Fin mai 2023, des jeunes sénégalais avaient averti qu’ils n’accepteraient pas une condamnation d’Ousmane Sonko et que le malheur s’abattrait sur leur pays si ce dernier était jeté en prison. Manifestement, l’avertissement ne fut pas pris au sérieux puisque le maire de Ziguinchor écopa, le 1er juin, de deux ans de prison ferme. La justice ne l’accusait plus de viol mais de corruption de la jeunesse. Étrange verdict qui n’est pas sans rappeler celui de Socrate accusé par Mélétos de pervertir la jeunesse et condamné, pour cela, à boire la ciguë.
La réaction du peuple sénégalais fut immédiate. À Dakar comme dans d’autres villes, en effet, les gens descendirent dans la rue, s’attaquèrent à des biens privés et publics. Plusieurs morts furent malheureusement enregistrés. Qui fit feu sur les manifestants? Cela reste encore un mystère. Ce que l’on sait, en revanche, c’est que, quelques jours avant sa condamnation, Sonko avait été empêché par les forces de sécurité de sortir de son domicile à la Cité Keur Gorgui. Loin de se laisser intimider, le président des Patriotes africains du Sénégal pour le travail, l’éthique et la fraternité (Pastef) avait appelé ses compatriotes à “se lever comme un seul homme parce que force doit rester au peuple”. Pour de nombreux Sénégalais, la décision de justice ne vise qu’à empêcher la participation de Sonko à la présidentielle de février 2024.
Pourquoi Sonko est-il soutenu par une bonne partie de la jeunesse sénégalaise?
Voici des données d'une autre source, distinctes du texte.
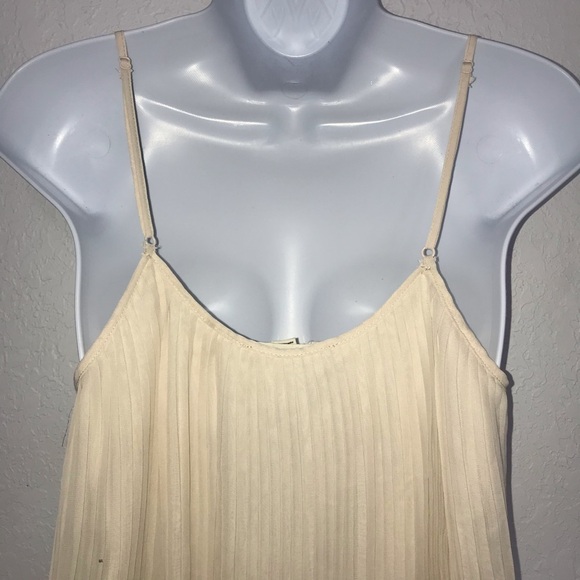 Xai Accordian Pleated Top M - Picture 5 of 7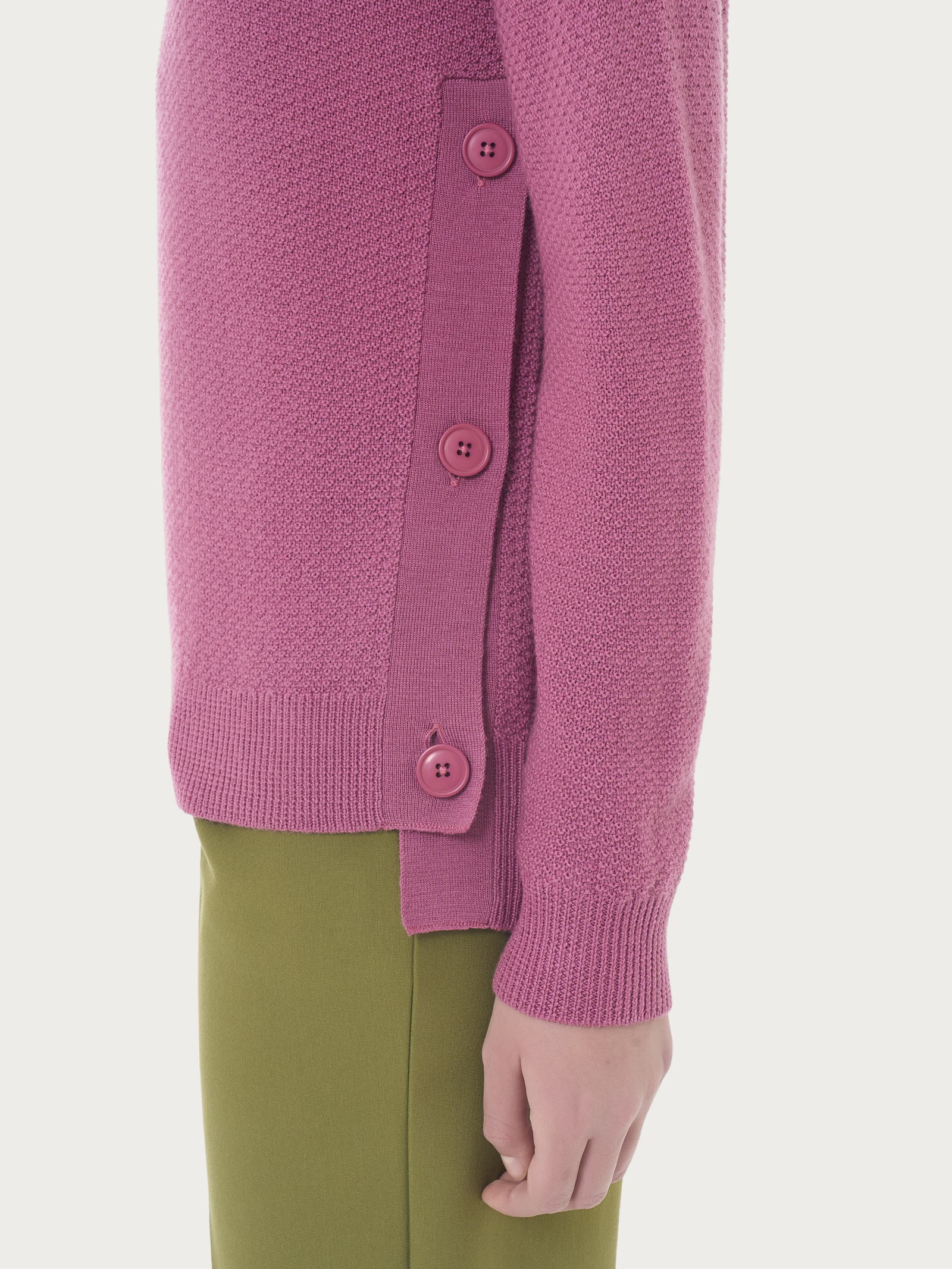 Pullover girocollo con bottoni laterali in Merino Soft - Red Violet - Image 3
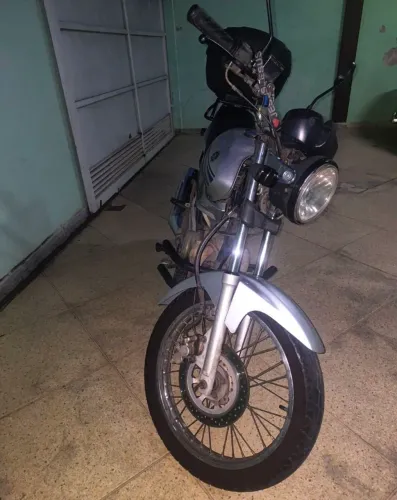 Vende-se Yamaha YBR.125 ED.2006. COMPLETA.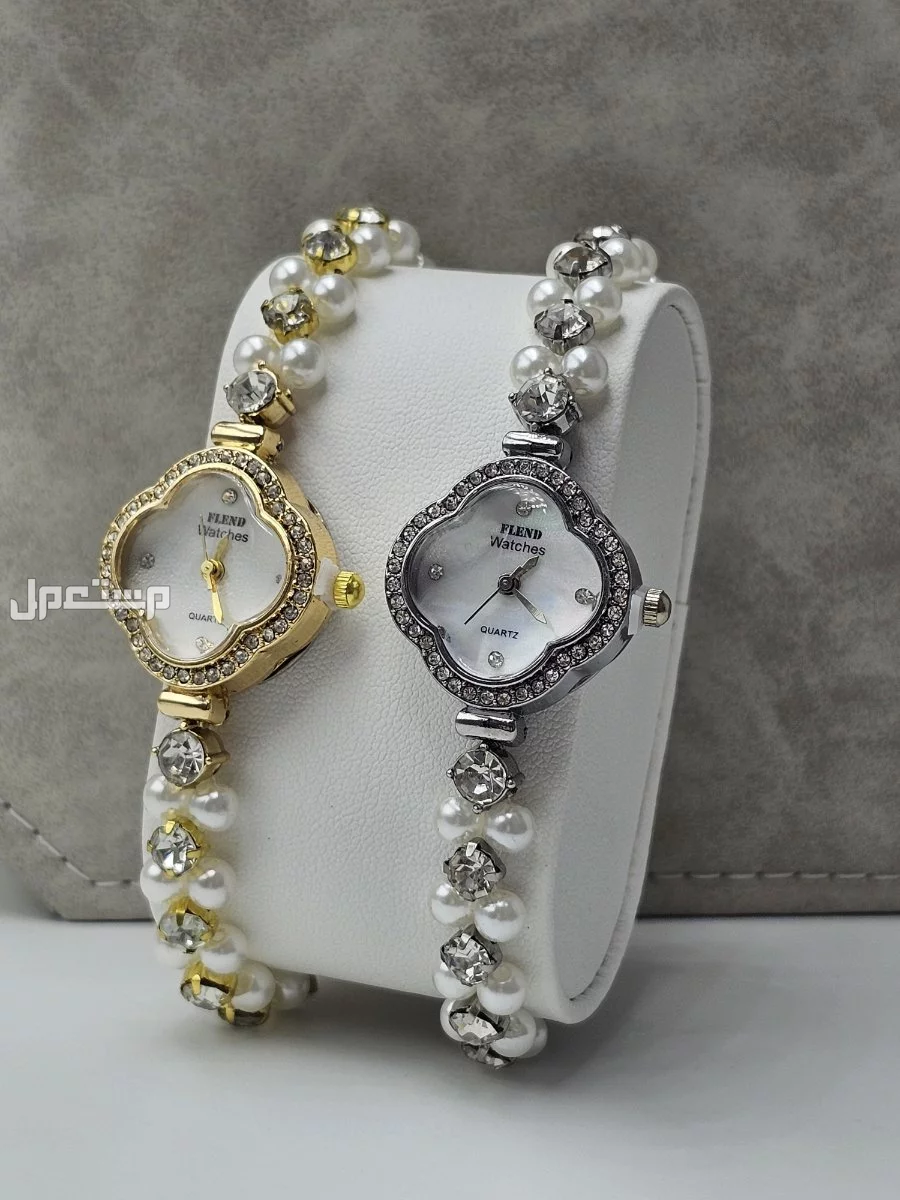 عرض خاص💐  ثلاث ساعات نسائي  ماركة فلند ضمان مكينه بطاريه معى علبه لكل ساعه 🎁 *سعر الثلاث الساعات 🔺*  جدددددددددددددددة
Parce qu’il est contre la politique de la France en Afrique, parce qu’il veut que la France soit un partenaire parmi d’autres, parce qu’il souhaite privilégier les intérêts du Sénégal, parce qu’il n’a de cesse de dénoncer la corruption des élites, le bradage des richesses du pays aux compagnies étrangères et le non-paiement de l’impôt par les députés, parce que, en 15 ans de service aux Impôts, il est difficile de lui imputer des détournements de fonds publics, ce qui, dans le landerneau politique sénégalais, fait de lui un homme atypique, parce que, pour lui, la politique n’est pas un moyen d’ascension et d’enrichissement personnel mais “une soumission volontaire et désintéressée aux intérêts supérieurs de la population”, parce qu’il est opposé au franc CFA et à la présence des bases militaires françaises sur le continent.
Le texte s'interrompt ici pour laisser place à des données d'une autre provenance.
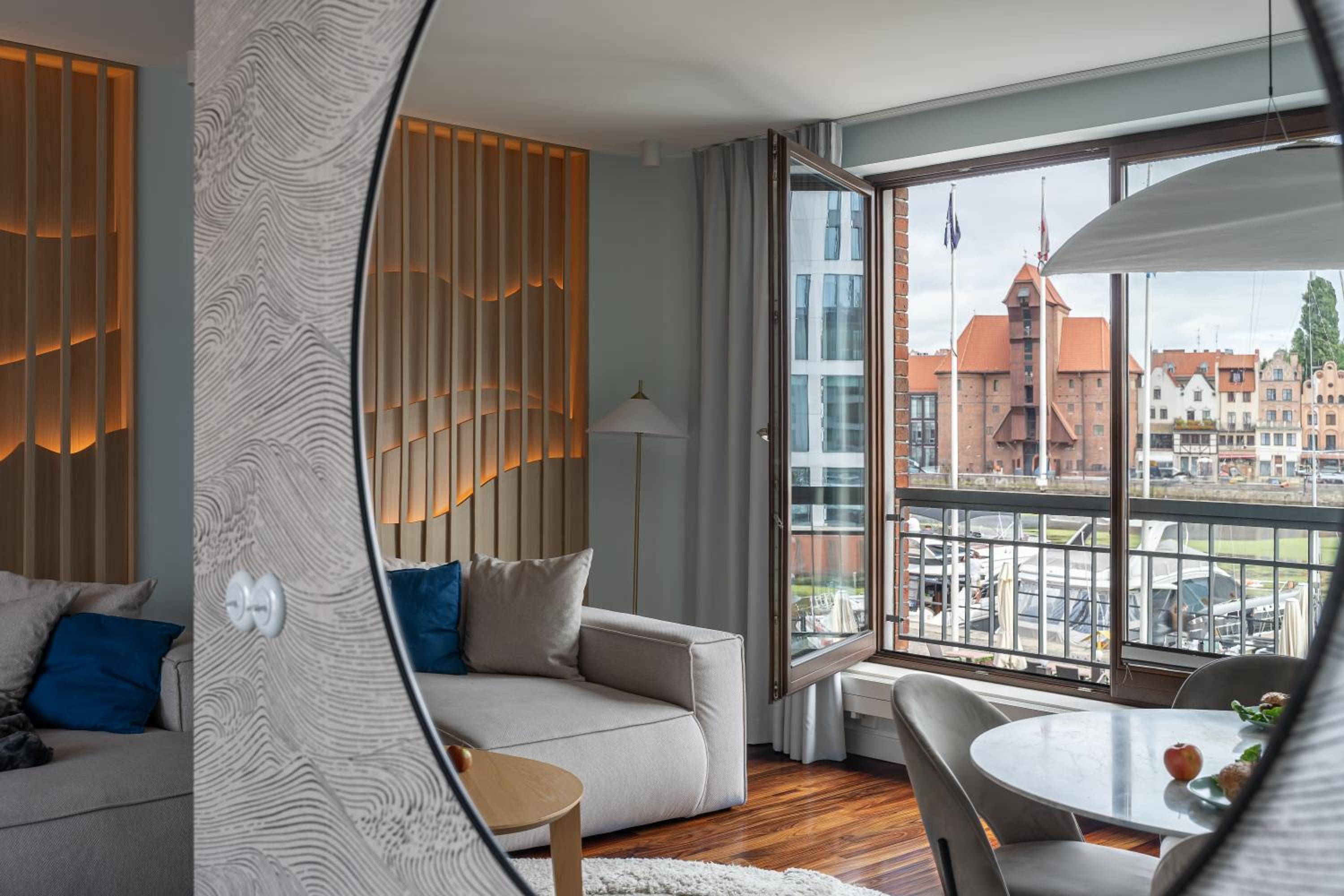 Premium Apartment Szafarnia in Gdańsk Old Town & Marina View by Lion Apartments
Beaucoup de panafricanistes africains souhaiteraient que ce Sonko dirige le Sénégal après Macky Sall qui ne peut briguer un troisième mandat si on se fie à l’article 27 de la constitution du Sénégal qui stipule que “nul ne peut exercer plus de deux mandats consécutifs”. Macky Sall lui-même tenait en 2017 les propos suivants : “Le nombre de mandats, c’est réglé depuis longtemps. Pourquoi engager une discussion sur un débat de 2024? Un débat qui n’a pas lieu d’être puisque je suis dans la logique de ne pas dépasser deux mandats si le peuple sénégalais me fait confiance en 2019.” Respectera-t-il sa parole ? En 2010, Dramane Ouattara assura qu’il avait juste besoin de cinq ans pour transformer la Côte d’Ivoire. Il promit ensuite de ne pas se représenter après le second mandat mais, contre toute attente, il renia sa parole en 2020 en utilisant un argument bidon : la disparition d’Amadou Gon Coulibaly aurait laissé le parti sans candidat à la présidentielle d’octobre 2020. Argument d’autant plus incompréhensible que plusieurs militants du RDR voyaient Hamed Bakayoko comme quelqu’un qui pourrait prendre la relève. Or qui peut encore faire confiance à une personne qui dit et se dédit? Celui qui est incapable de respecter l’engagement pris devant le peuple est non seulement méprisable mais mérite d’être dégagé. Les politiciens menteurs et à la solde de la France doivent être chassés et Macky Sall risque de subir ce sort s’il s’entête à vouloir rempiler car le peuple sénégalais ne lui accordera jamais ce qui fut refusé à Abdoulaye Wade en 2012.